Your objective:
Your task is to reproduce the listing exactly, without its images.

Information shown:
● ● ● ● ● ● ●
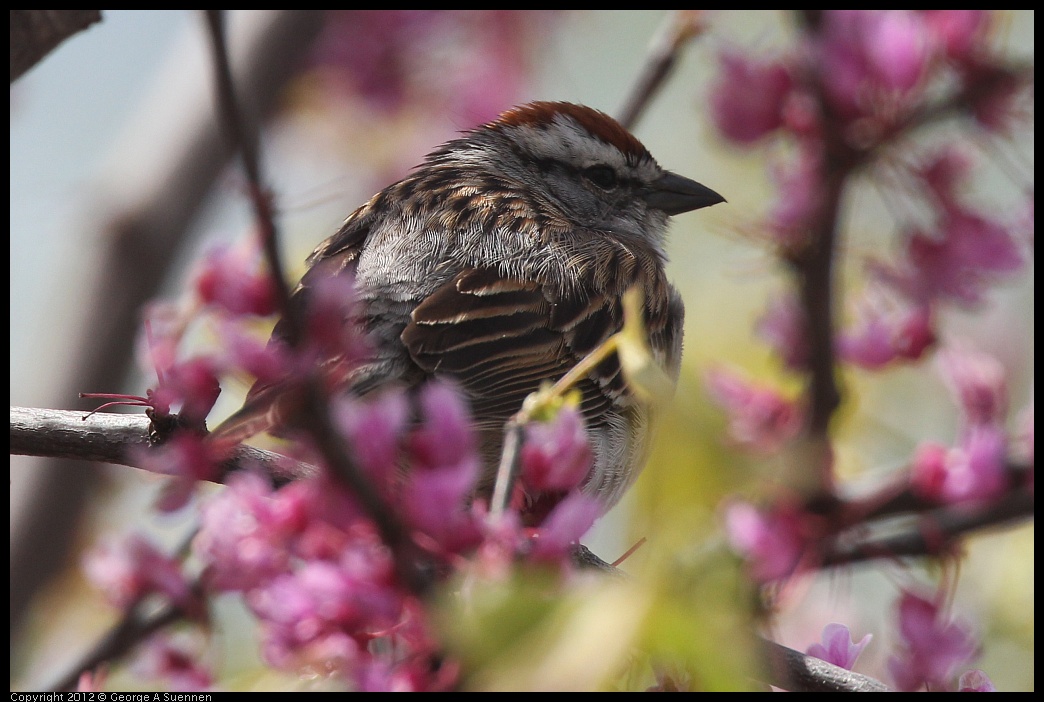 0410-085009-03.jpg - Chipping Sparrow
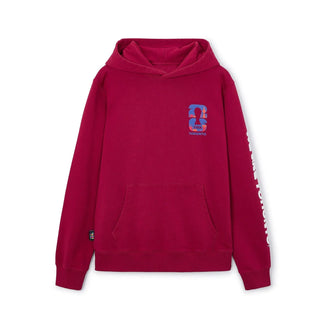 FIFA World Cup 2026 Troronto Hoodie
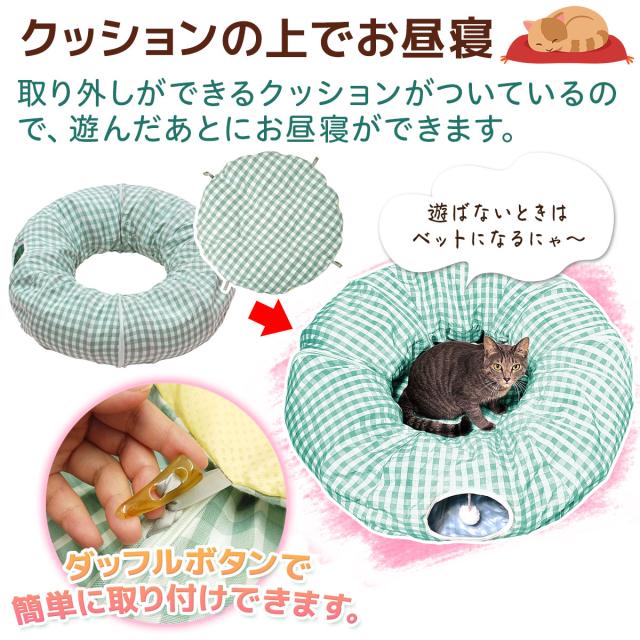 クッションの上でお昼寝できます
● ● ● ● ● ● ●
Task output:
 0410-085009-03.jpg - Chipping Sparrow
 FIFA World Cup 2026 Troronto Hoodie
 クッションの上でお昼寝できます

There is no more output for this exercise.